Work instruction: Write the data out again exactly, dropping any images it holds.

Data excerpt:
═══
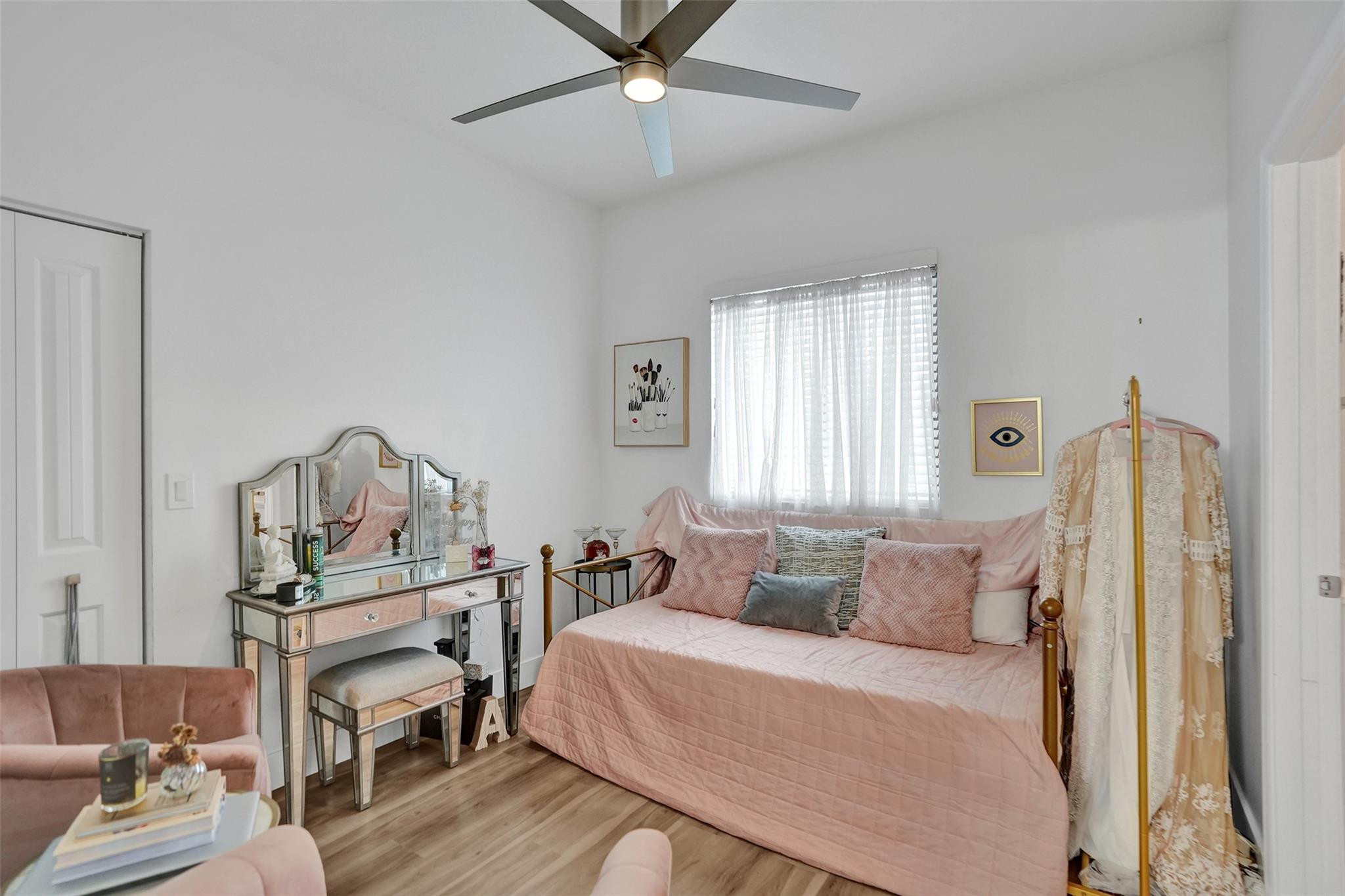 4234 N Dixie Highway 125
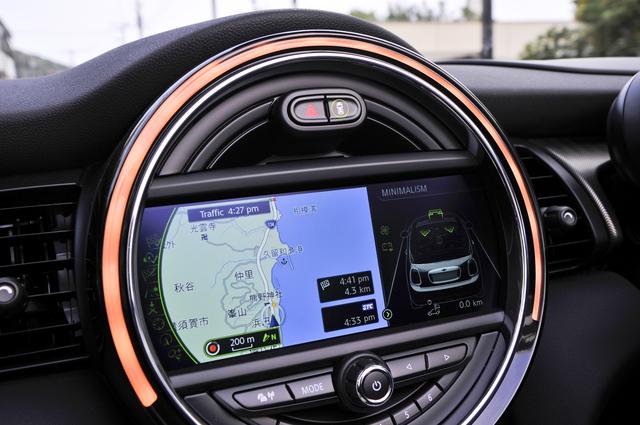 画像: センターにレイアウトされるMINIのアイコンの大型円形メーター。従来、ここはスピードメーターだったが現行モデルではナビをはじめ様々な情報が表示できる。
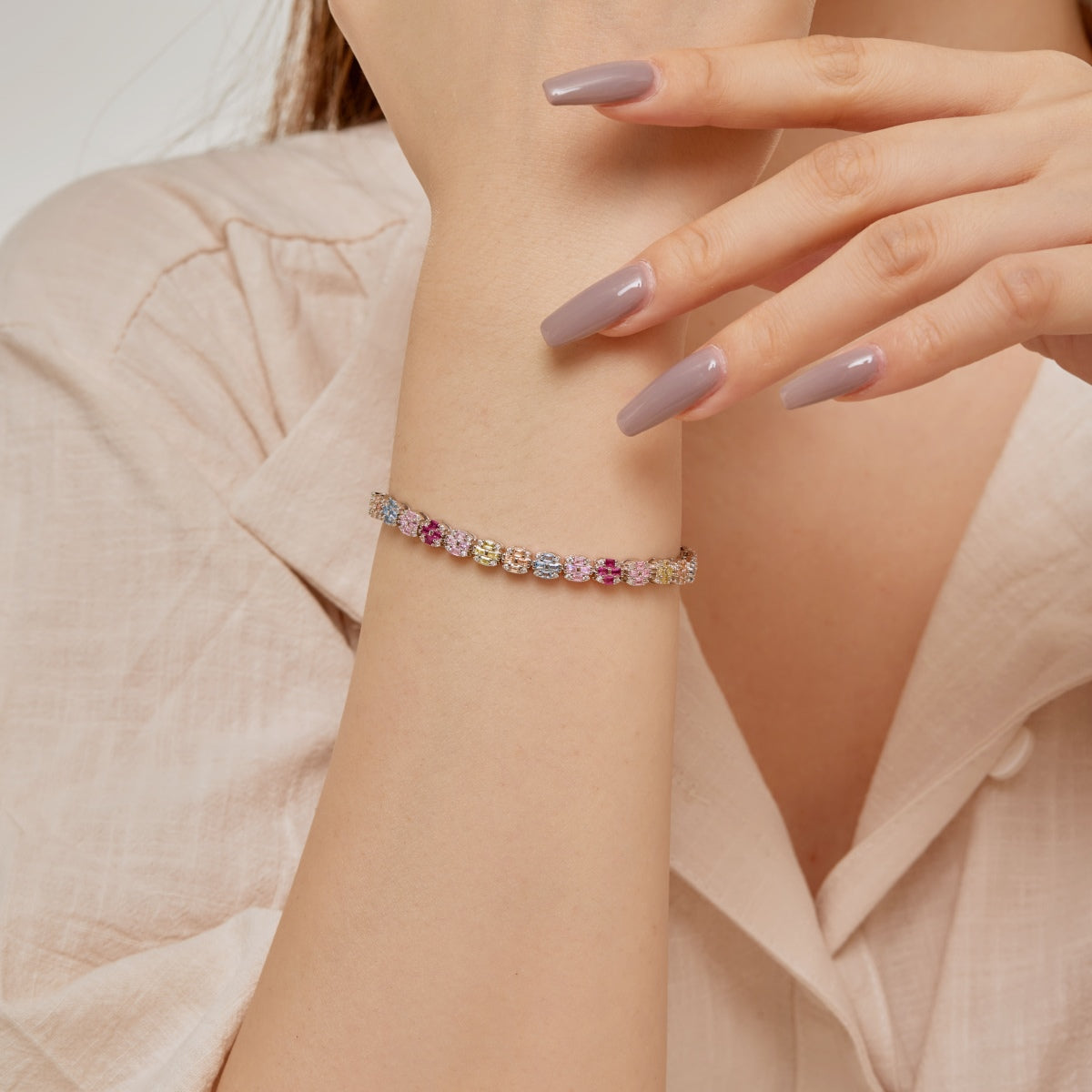 [baslovejewels]繊細でカラフルなエメラルドカットのデイリーブレスレット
═══
Finished exercise:
 4234 N Dixie Highway 125
 画像: センターにレイアウトされるMINIのアイコンの大型円形メーター。従来、ここはスピードメーターだったが現行モデルではナビをはじめ様々な情報が表示できる。
 [baslovejewels]繊細でカラフルなエメラルドカットのデイリーブレスレット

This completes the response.